Work required> Pictures in the entries below are excluded; copy only the lines from the one containing "アベイシングエイプ A BATHING" to the one containing "Il Viceprefetto Vicario, Dott.ssa", both included.

────────────────────

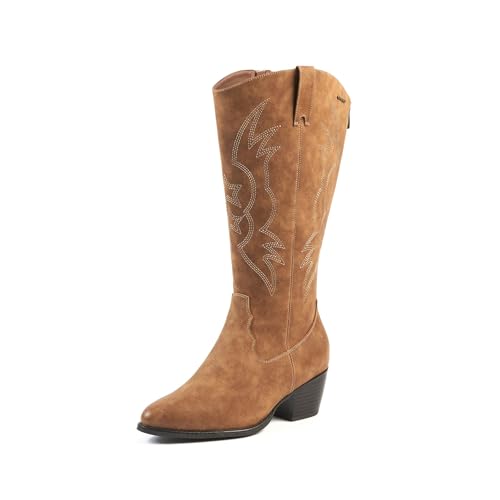 GABYLOU – Modèle IRINA – Bottes Mollets Larges 2XL pour Femme – Style Western – Look Cowboy à Talon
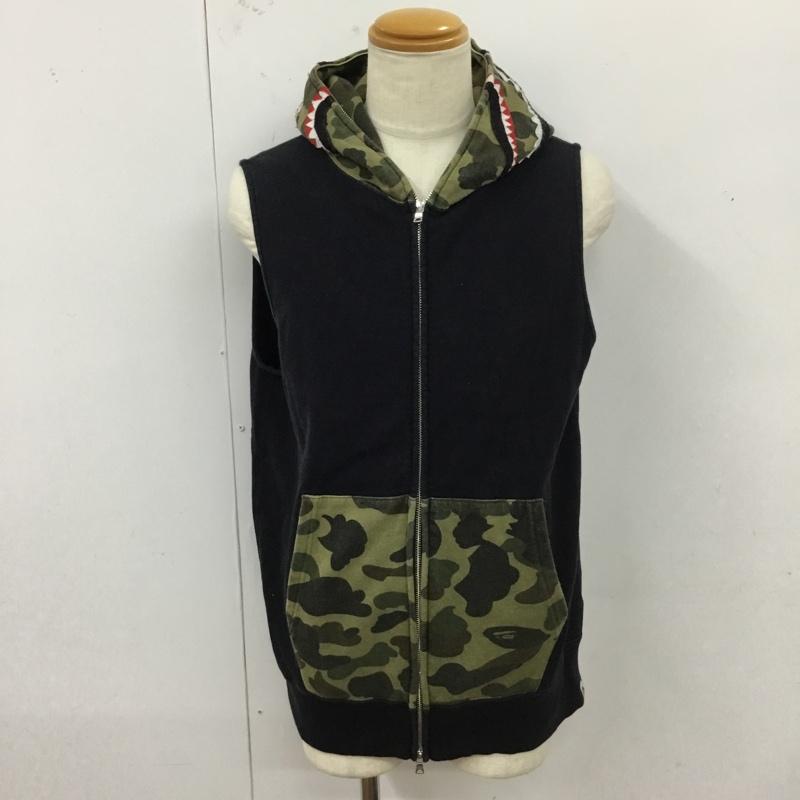 アベイシングエイプ A BATHING APE ベスト ベスト ジップアップベスト パーカーベスト ノースリーブカットソー L プリント マルチカラー / マルチカラー / メンズ USED 古着 中古 10120650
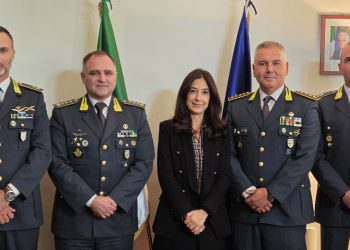 Il Viceprefetto Vicario, Dott.ssa Marisa Amabile, incontra il nuovo Comandante del ROAN Colonnello Matteo Guerra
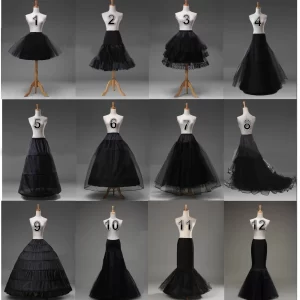 kf-H4228b40535a14a8e87d7e977cfa6c9317 2019 wedding petticoat Flower girl dress petticoat Black Bridal Petticoat Crinoline Underskirt Hoop/Hoopless/Mermaid/Fishtail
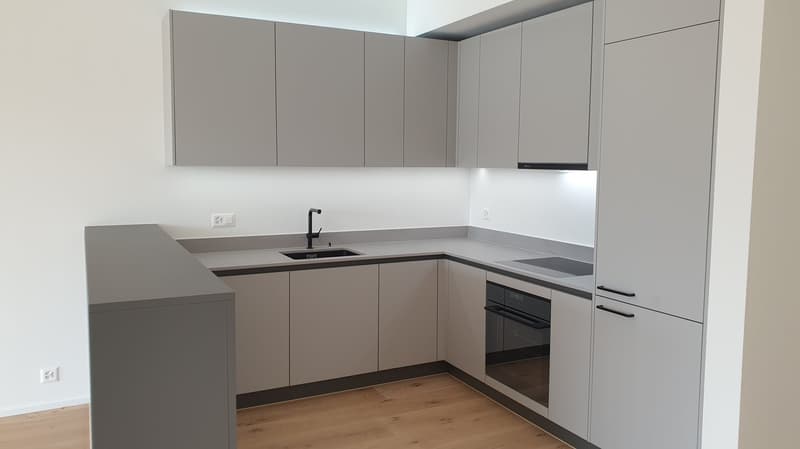 Moderne 1.5-Zimmer-Wohnung mit Gartenterrasse am Bucheggplatz, Erholungsgebiet mit Wald (5)
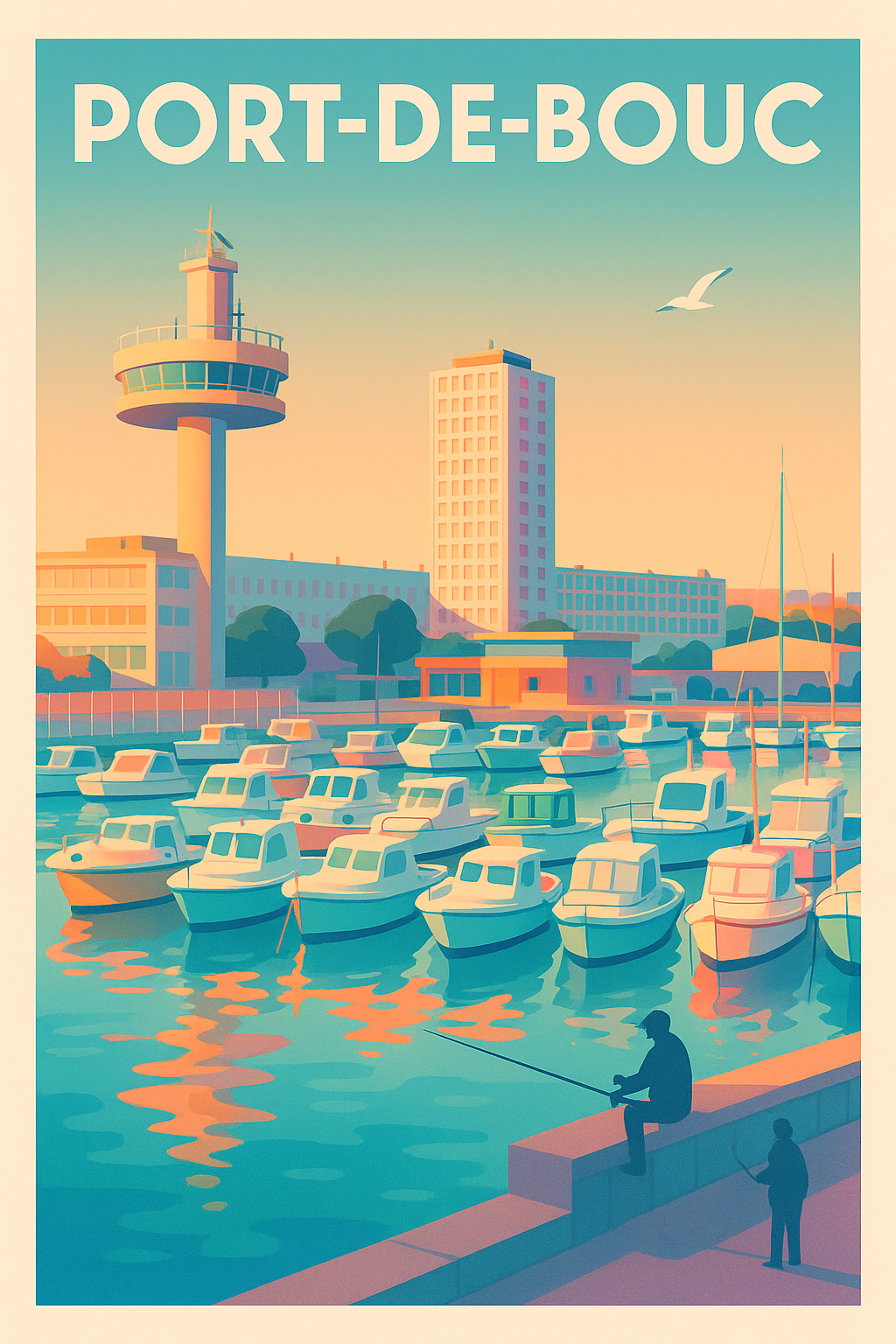 Affiche de Port-de-Bouc - Havre de tranquillité au bord de l'eau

────────────────────

Reply to the exercise>
 アベイシングエイプ A BATHING APE ベスト ベスト ジップアップベスト パーカーベスト ノースリーブカットソー L プリント マルチカラー / マルチカラー / メンズ USED 古着 中古 10120650
 Il Viceprefetto Vicario, Dott.ssa Marisa Amabile, incontra il nuovo Comandante del ROAN Colonnello Matteo Guerra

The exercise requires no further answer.